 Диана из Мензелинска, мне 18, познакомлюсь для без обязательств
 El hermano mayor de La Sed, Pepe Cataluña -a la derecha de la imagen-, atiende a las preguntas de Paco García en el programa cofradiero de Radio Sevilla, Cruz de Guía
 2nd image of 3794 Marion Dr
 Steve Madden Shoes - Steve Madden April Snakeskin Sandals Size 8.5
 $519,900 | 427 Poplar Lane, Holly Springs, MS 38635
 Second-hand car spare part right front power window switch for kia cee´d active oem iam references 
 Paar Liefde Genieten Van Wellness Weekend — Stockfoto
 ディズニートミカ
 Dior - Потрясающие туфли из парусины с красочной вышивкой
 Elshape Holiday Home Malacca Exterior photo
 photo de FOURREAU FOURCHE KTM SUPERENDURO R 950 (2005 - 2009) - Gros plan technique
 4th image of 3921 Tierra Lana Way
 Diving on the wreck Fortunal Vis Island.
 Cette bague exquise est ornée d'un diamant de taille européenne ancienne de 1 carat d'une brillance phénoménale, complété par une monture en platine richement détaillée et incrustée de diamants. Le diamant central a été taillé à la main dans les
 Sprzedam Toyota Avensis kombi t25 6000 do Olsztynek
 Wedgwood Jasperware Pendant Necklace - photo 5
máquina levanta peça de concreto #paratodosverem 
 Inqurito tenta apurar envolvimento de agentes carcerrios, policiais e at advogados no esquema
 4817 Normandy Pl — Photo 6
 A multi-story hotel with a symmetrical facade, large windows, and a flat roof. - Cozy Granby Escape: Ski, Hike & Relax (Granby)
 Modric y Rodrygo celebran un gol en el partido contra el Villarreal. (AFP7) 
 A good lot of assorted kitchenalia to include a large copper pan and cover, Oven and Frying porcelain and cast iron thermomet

···

Find the string "large" in the records, then copy each line where it occurs.

• _TASK RESPONSE_
 A multi-story hotel with a symmetrical facade, large windows, and a flat roof. - Cozy Granby Escape: Ski, Hike & Relax (Granby)
 A good lot of assorted kitchenalia to include a large copper pan and cover, Oven and Frying porcelain and cast iron thermomet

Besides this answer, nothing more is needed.